Your output must hold every entry exactly as written and none of the pictures.
= Beginning of Section =
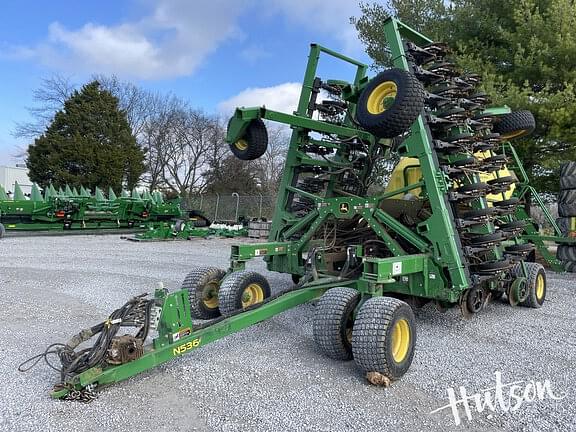 Image of John Deere N536C equipment image 1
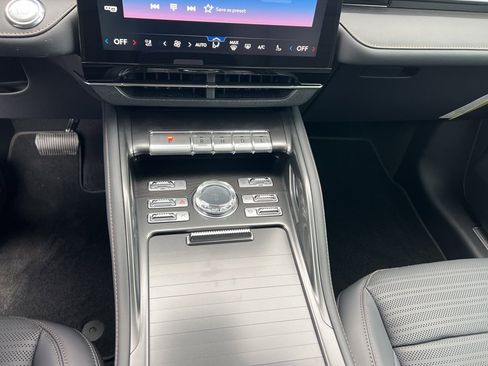 New 2026 Lincoln Nautilus Reserve w/ Jet Appearance Package image 13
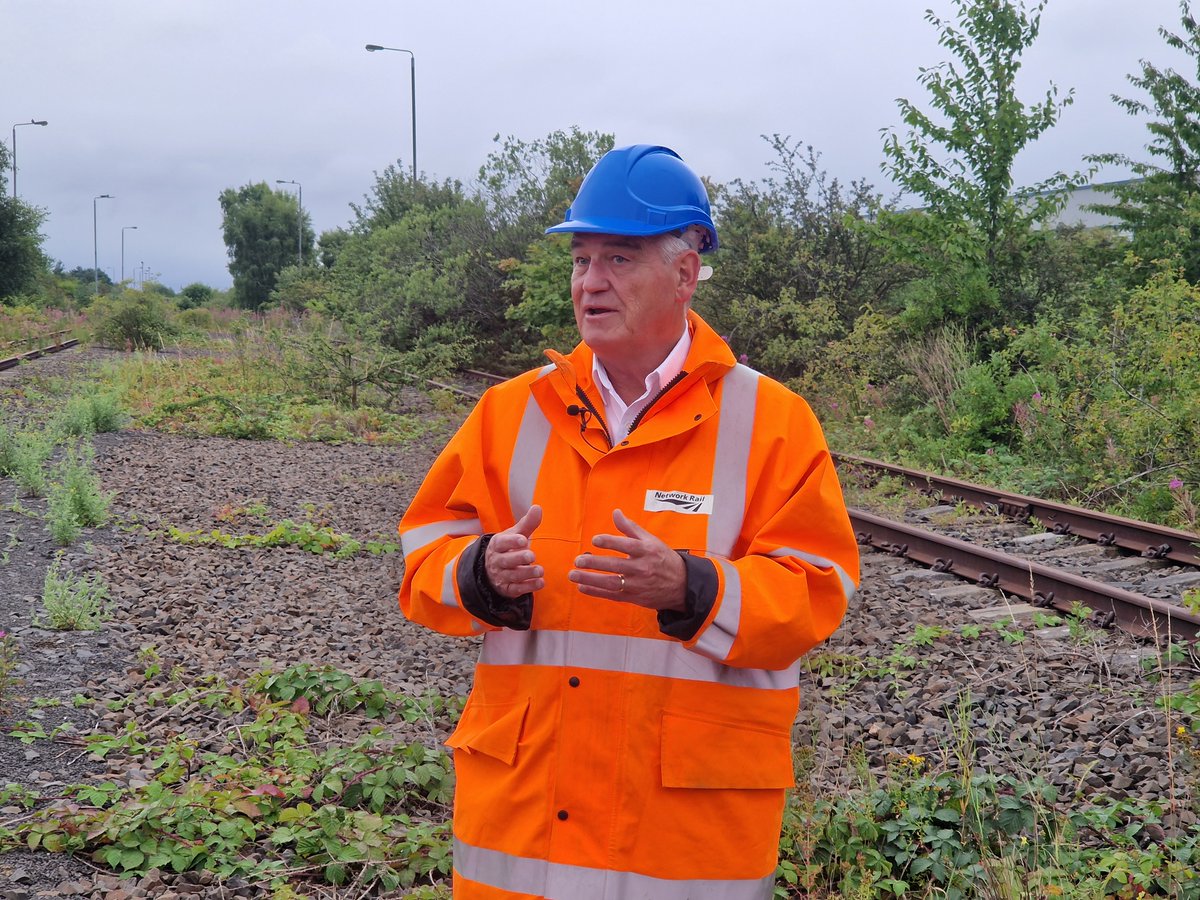 transport_north's tweet photo. A huge thanks to @networkrail for help in filming a new @LeamsideLine video today across the North East.
#ReOpenLeamside #GrowTheNE #rail #transport https://t.co/FWop9jwx71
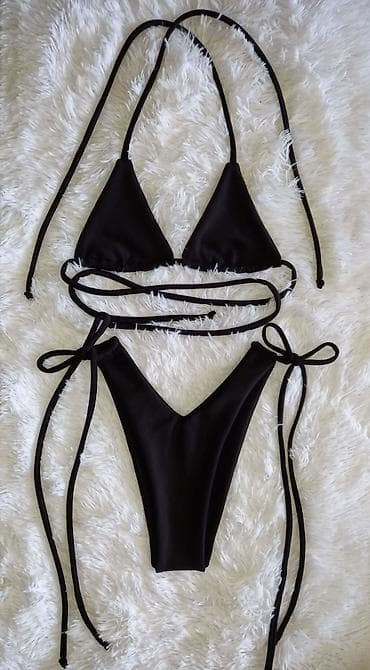 Bikini set – dvodelni trouglasti top i visoki V donji deo sa na lalafo.rs Bikini set – dvodelni trouglasti top i visoki V donji deo sa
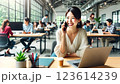 オフィスで電話をする女性 123614239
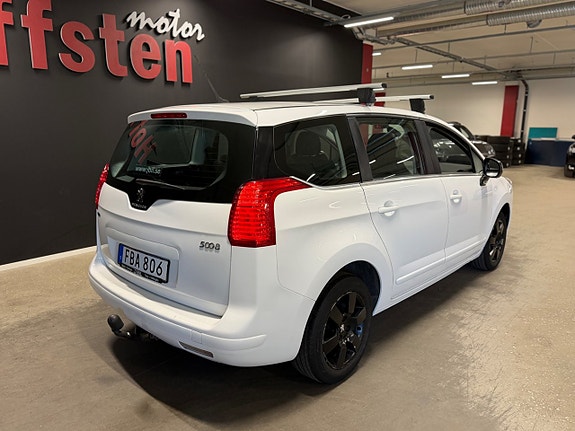 Peugeot 5008 3 of 5
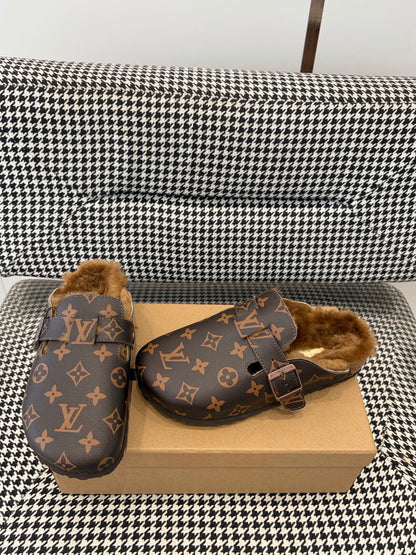 Louis Vuitton Clog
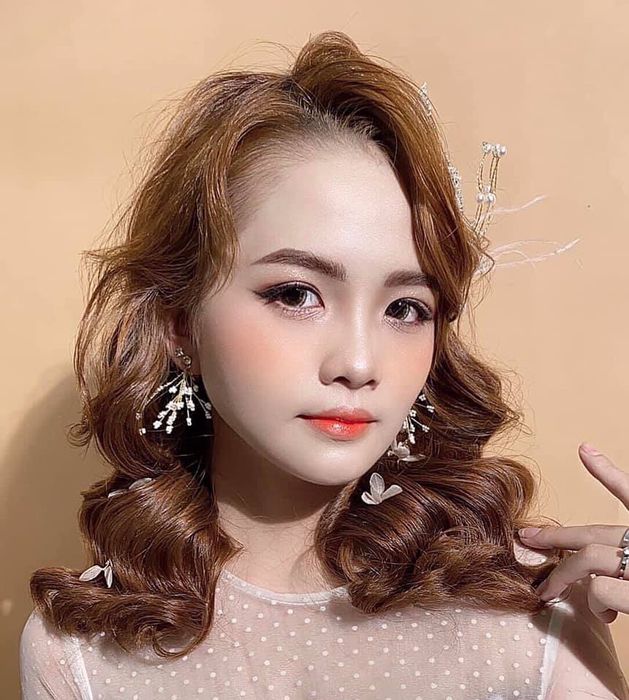 Hình ảnh cô dâu thanh lịch tại Áo Cưới Na Nguyễn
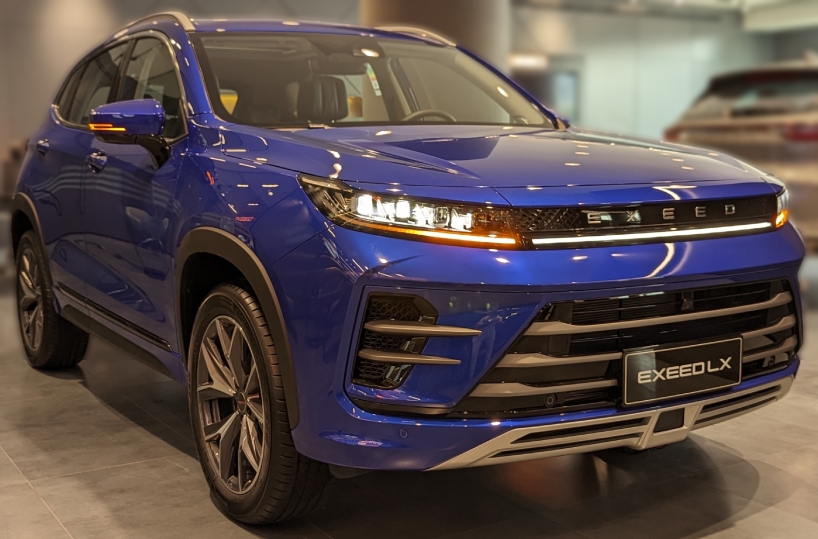 Rent Exeed LX in dubai front (1)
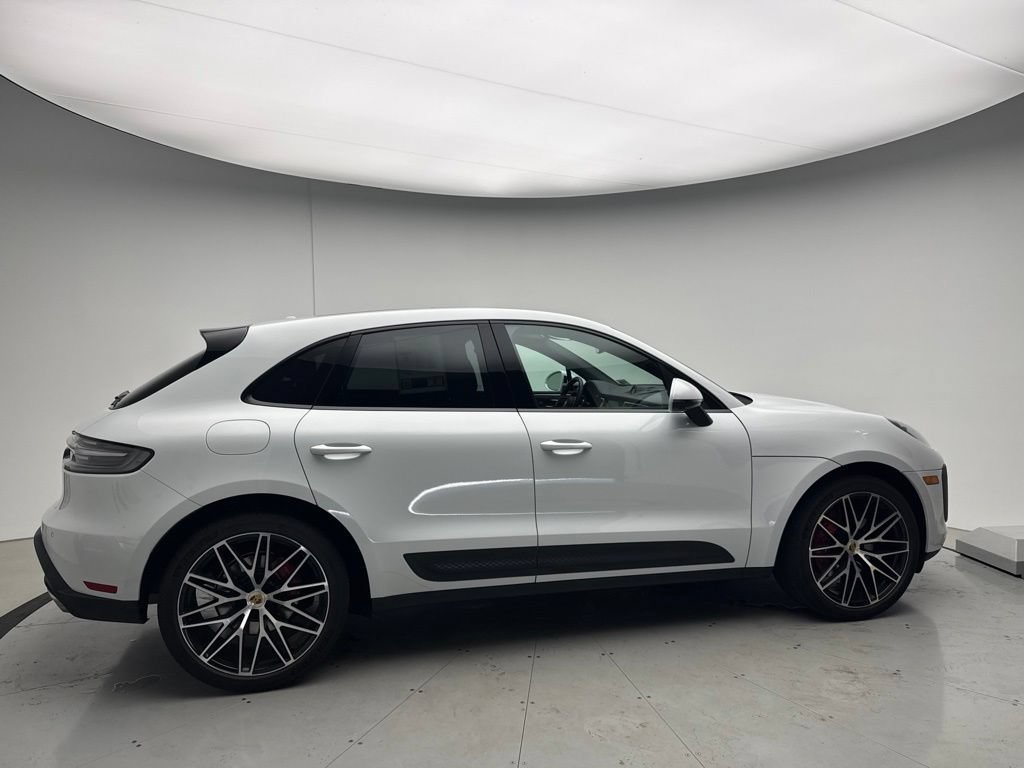 Certified 2022 Porsche Macan S AWD/4WD image 7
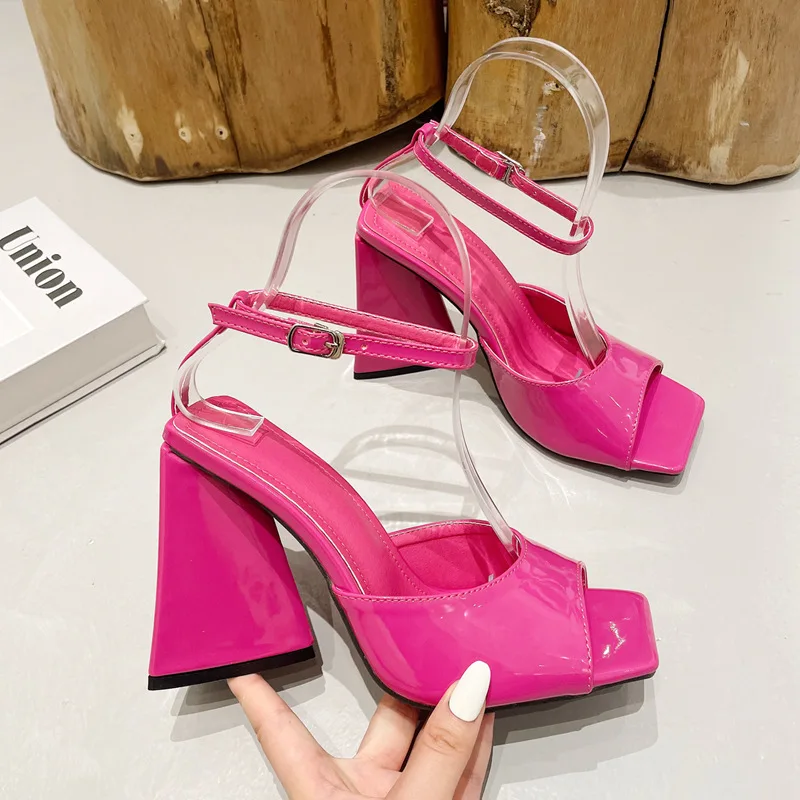 2022 new square head 11cm high heels triangle heels solid color sandals women's shoes wedding shoes outdoor high heels slippers
2022 new square head 11cm high heels triangle heels solid color sandals women's shoes wedding shoes outdoor high heels slippers
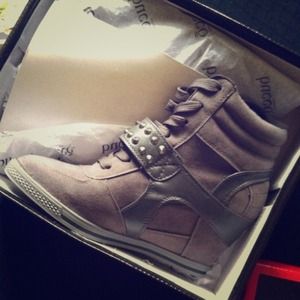 ❌Tradedddd ❌❌2nd grey sneaker wedges!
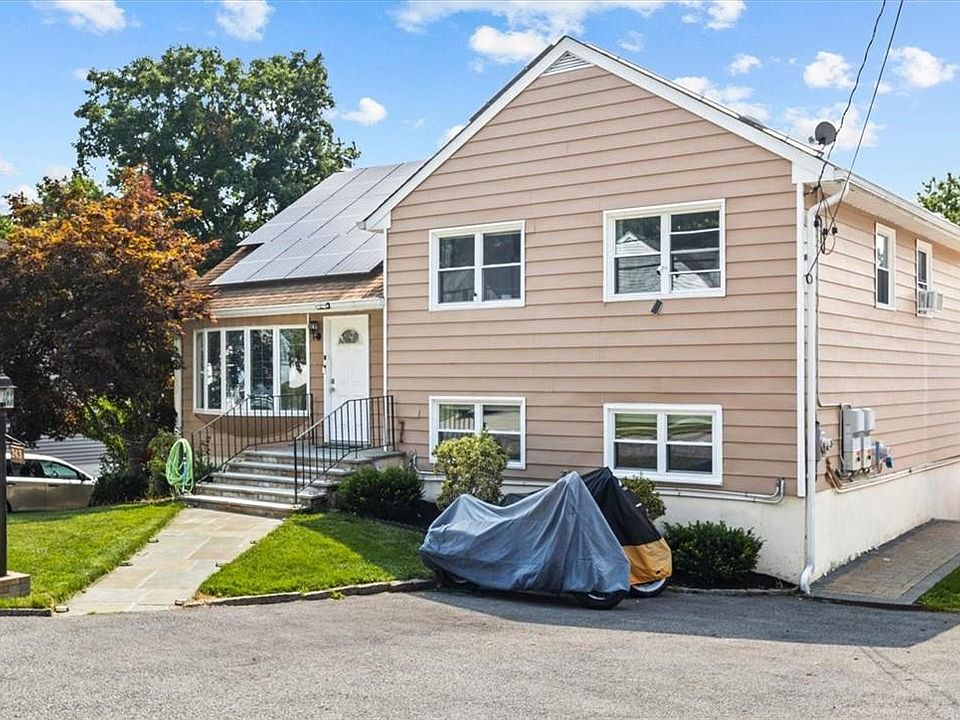 1st image of 243 Pembrook Drive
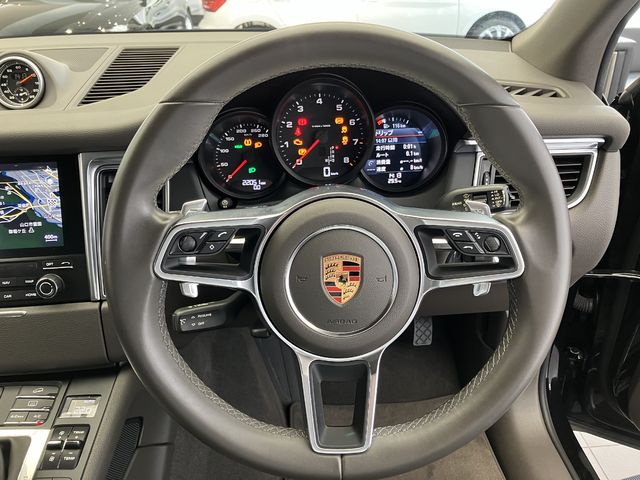 Porsche MACAN 2018-09 13404-9
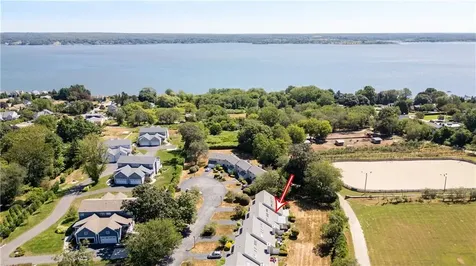 6 Fox Run Road Portsmouth RI 02871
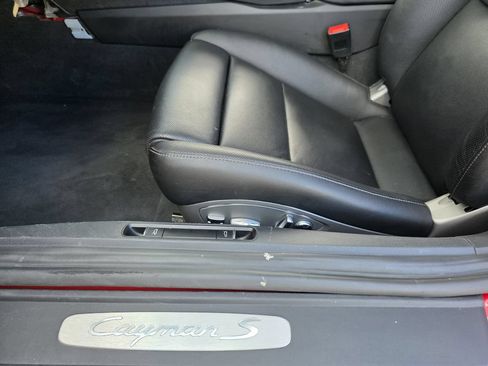 Used 2021 Porsche 718 Cayman S RWD image 21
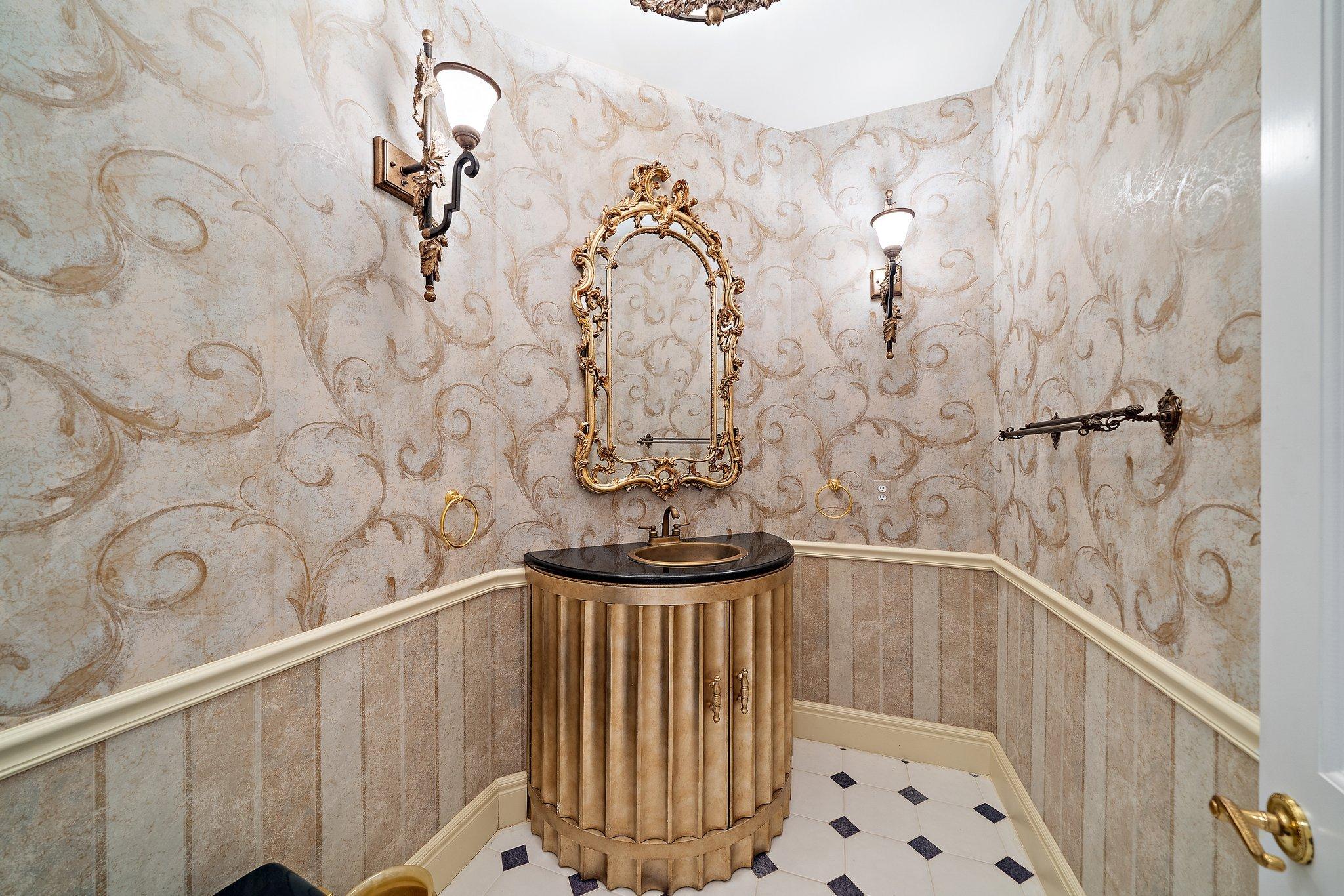 3388 Barrow Island Road Jupiter, FL 33477 - Photo 46 of 59 Powder room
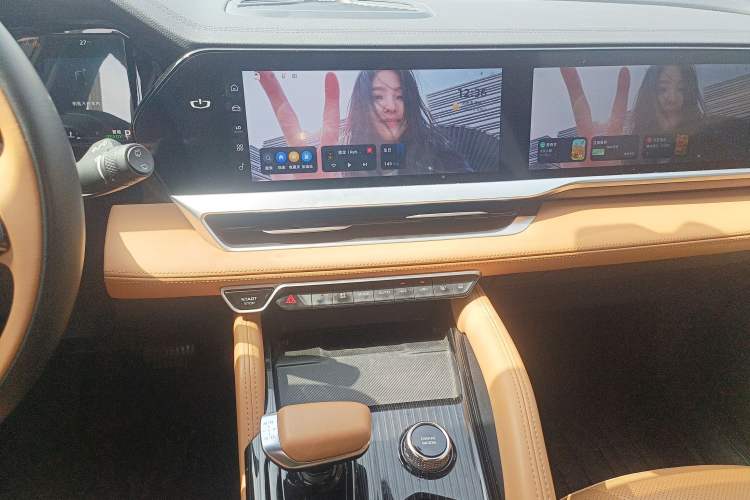 Used Geely Auto Monjaro L Intelligent Engine 2024 1.5T Galaxy Edition Audio And AC Panel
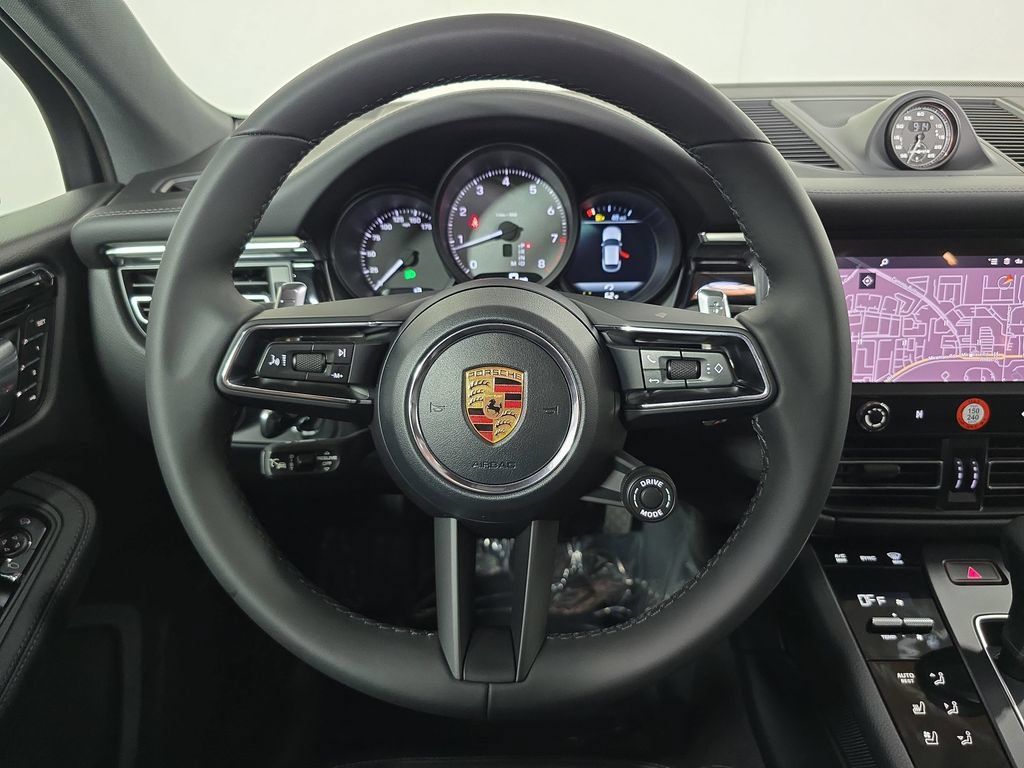 Certified 2026 Porsche Macan S AWD/4WD image 14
= End of Section =
Written response:
 Image of John Deere N536C equipment image 1
 New 2026 Lincoln Nautilus Reserve w/ Jet Appearance Package image 13
 transport_north's tweet photo. A huge thanks to @networkrail for help in filming a new @LeamsideLine video today across the North East.
#ReOpenLeamside #GrowTheNE #rail #transport https://t.co/FWop9jwx71
 Bikini set – dvodelni trouglasti top i visoki V donji deo sa na lalafo.rs Bikini set – dvodelni trouglasti top i visoki V donji deo sa
 オフィスで電話をする女性 123614239
 Peugeot 5008 3 of 5
 Louis Vuitton Clog
 Hình ảnh cô dâu thanh lịch tại Áo Cưới Na Nguyễn
 Rent Exeed LX in dubai front (1)
 Certified 2022 Porsche Macan S AWD/4WD image 7
 2022 new square head 11cm high heels triangle heels solid color sandals women's shoes wedding shoes outdoor high heels slippers
2022 new square head 11cm high heels triangle heels solid color sandals women's shoes wedding shoes outdoor high heels slippers
 ❌Tradedddd ❌❌2nd grey sneaker wedges!
 1st image of 243 Pembrook Drive
 Porsche MACAN 2018-09 13404-9
 6 Fox Run Road Portsmouth RI 02871
 Used 2021 Porsche 718 Cayman S RWD image 21
 3388 Barrow Island Road Jupiter, FL 33477 - Photo 46 of 59 Powder room
 Used Geely Auto Monjaro L Intelligent Engine 2024 1.5T Galaxy Edition Audio And AC Panel
 Certified 2026 Porsche Macan S AWD/4WD image 14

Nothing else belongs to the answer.